Perpecahan di kalangan kelompok-kelompok oposisi Suriah serta berbagai rintangan yang diberikan pemerintahan Assad telah membuat upaya-upaya mengadakan pertemuan yang baru menjadi tertahan, demikian menurut para diplomat.

Jarba mengatakan oposisi masih berkeinginan untuk menerima bantuan persenjataan untuk melawan pasukan Assad, yang baru-baru ini telah melancarkan langkah maju di lapangan.

"Kami masih menekankan desakan untuk mendapatkan persenjataan canggih, walaupun penyelesaian politik sedang diupayakan di Jenewa II," katanya.

Amerika Serikat dan Rusia pada Mei lalu sepakat untuk menekankan upaya menindaklanjuti pertemuan yang telah berlangsung di Jenewa pada Juni 2012. Pertemuan pertema diadakan untuk membuat rencana bagi proses peralihan di Suriah.

Jarba akan mengadakan pembicaraan dengan emir baru Qatar Sheikh Tamim bin Hamad al-Thani.
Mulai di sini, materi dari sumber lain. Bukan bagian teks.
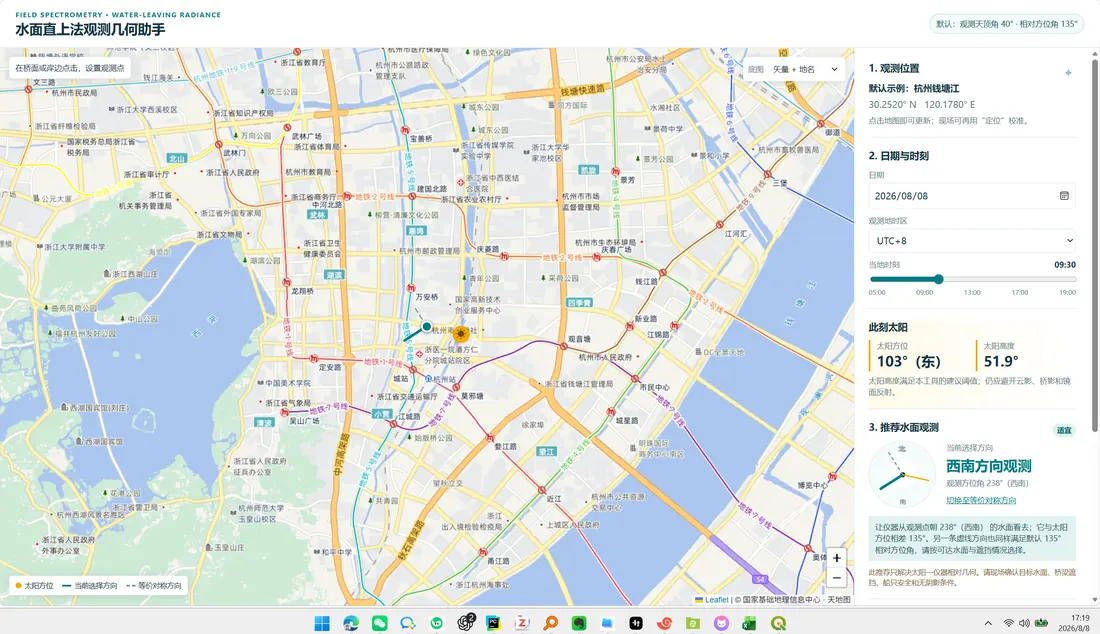 水面之上法观测几何助手预览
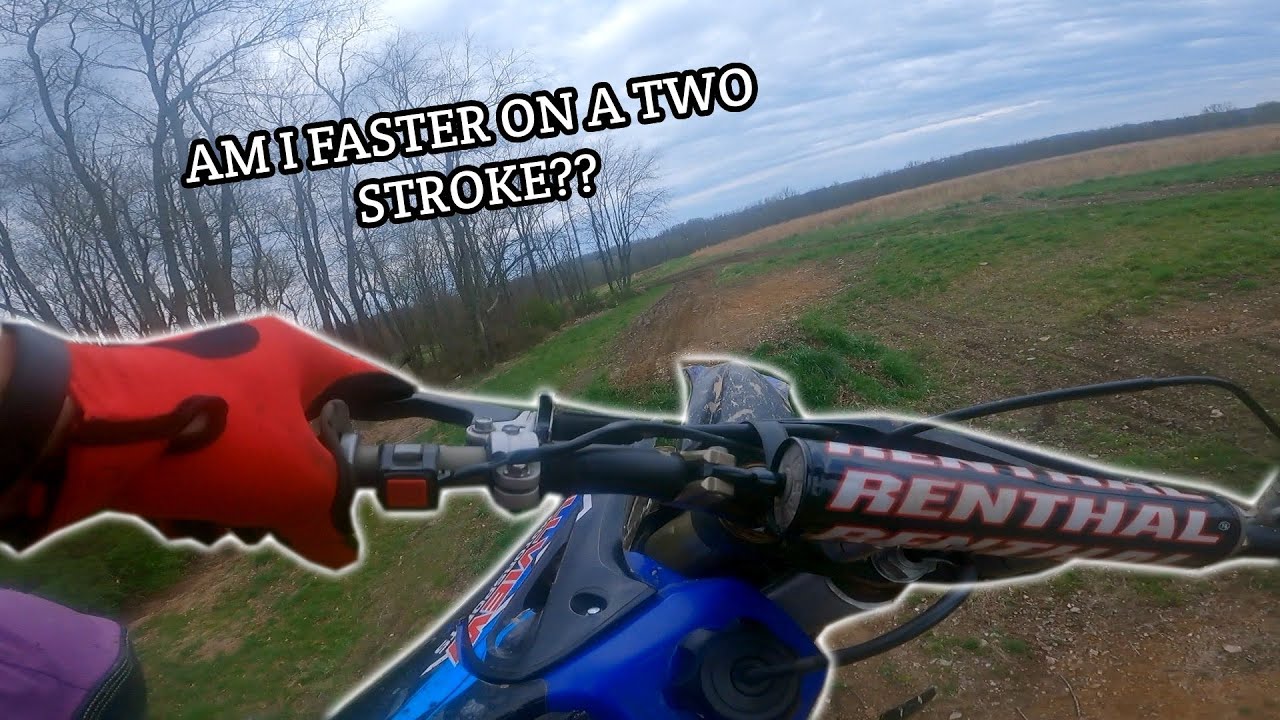 SHREADING A YZ 250 2 STROKE ON A SWEET PRIVATE TRACK   ( am I faster on a 2 stroke??????)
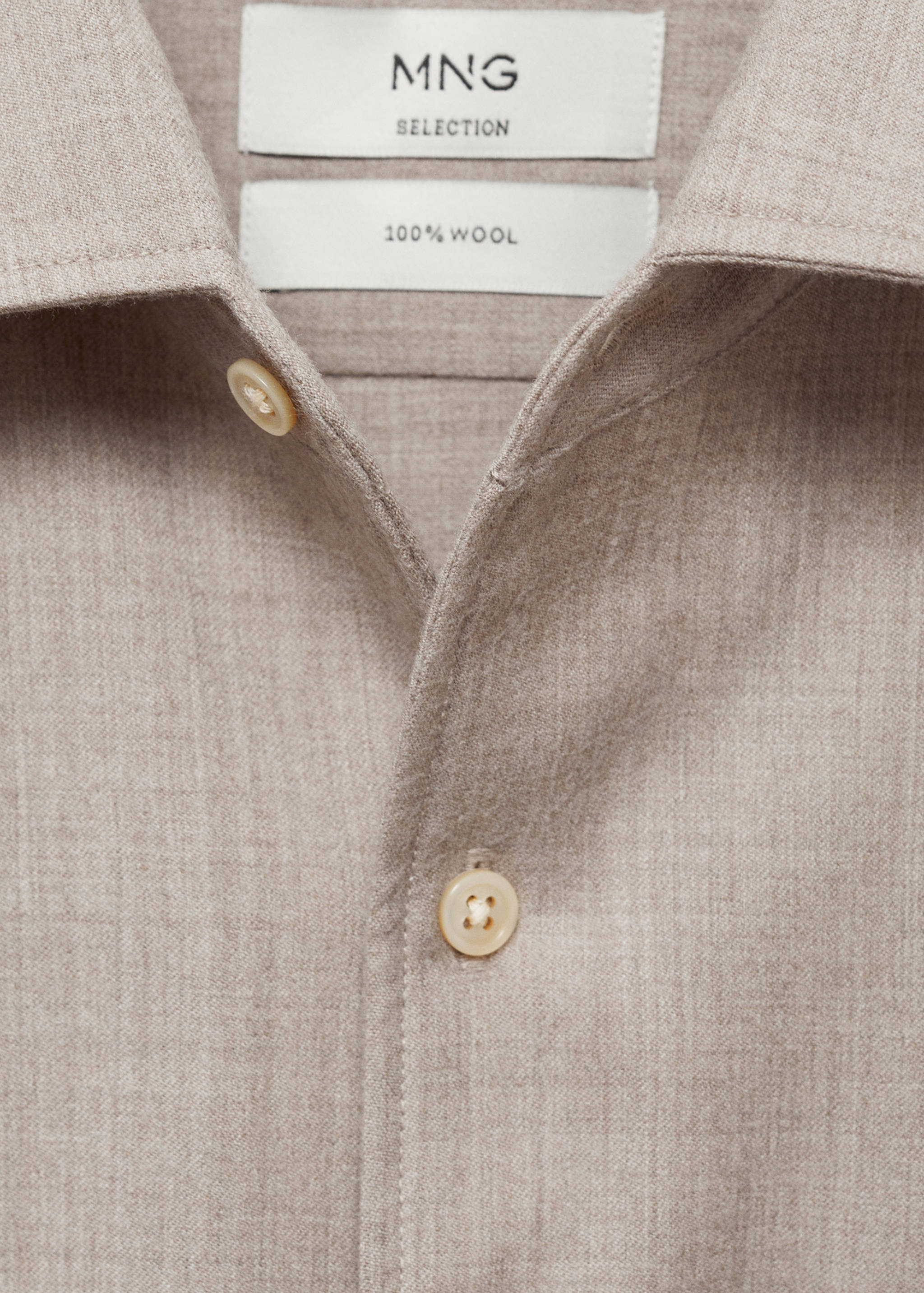 100% wool shirt with pocket - Reverse of the article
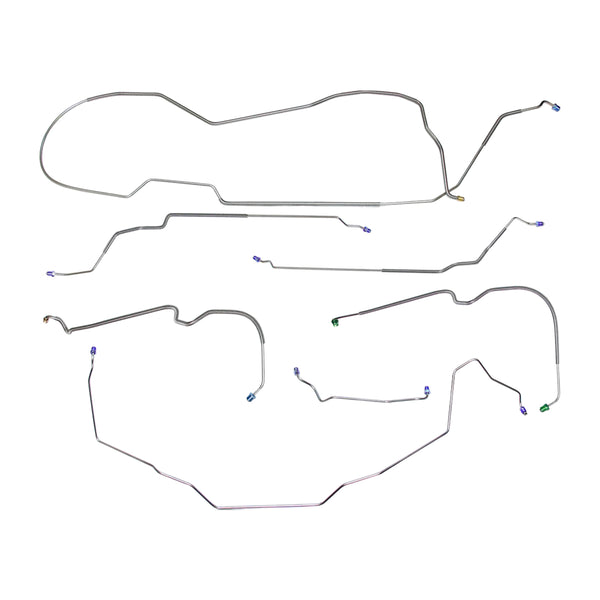 1977-80 Buick Electra 118.9" WB Power Disc Brake Line Kit 7pc, OE Steel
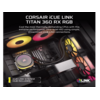 CORSAIR TITAN 360 RX RGB AIOLiquid CPU Cooler, Black,RX120LGA1851, LGA1700, AM5, AM4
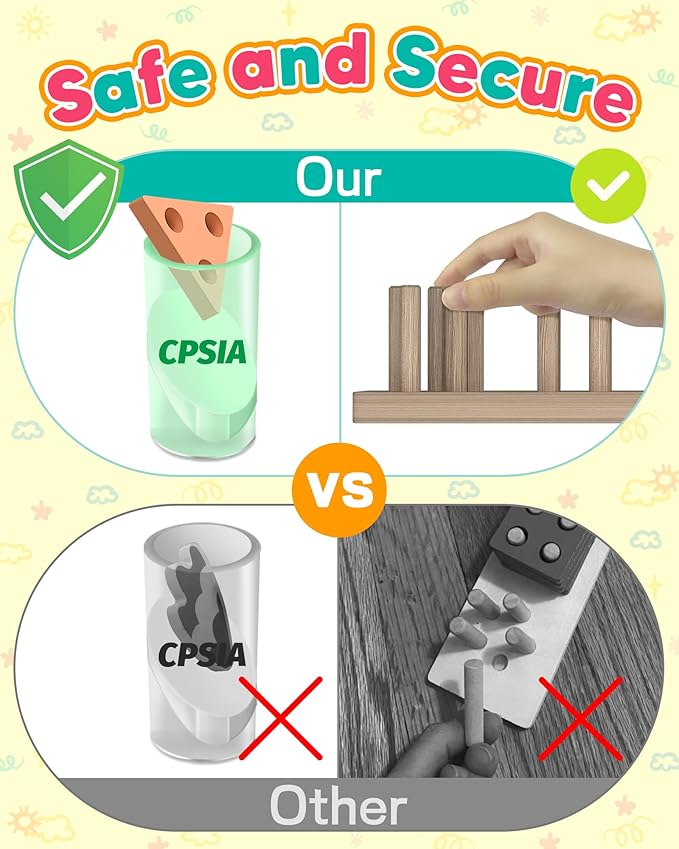 Montessori Toys for 1 2 3 Year Old Boys Girls Gifts, Wooden Shape Sorter Toys for Ages 2-4, Toddler Learning Toy Puzzles Birthday Gift Ages 1-3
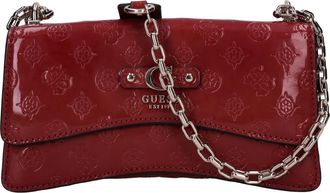Guess Tassen, Dames, Rood, ONE Size, Leer, Schoudertas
Kunjungannnya ke Qatar itu adalah untuk "meminta bantuan lapangan, militer serta kemanusiaan dan juga bantuan politis," ujarnya.

Ia menambahkan bahwa "Qatar merupakan salah satu negara yang mendukung revolusi Suriah."

Jarba dan para pemimpin koalisi utama lainnya telah bertemu dengan Presiden Prancis Francois Hollande serta Menteri Luar Negeri AS John Kerry pekan lalu dan menyampaikan permintaan agar persenjataan segera dipasok.

Para pejabat Perserikatan Bangsa-Bangsa mengatakan jumlah korban meninggal selama konflik di Suriah yang telah berlangsung lebih dari 28 bulan itu telah melewati angka 100.000.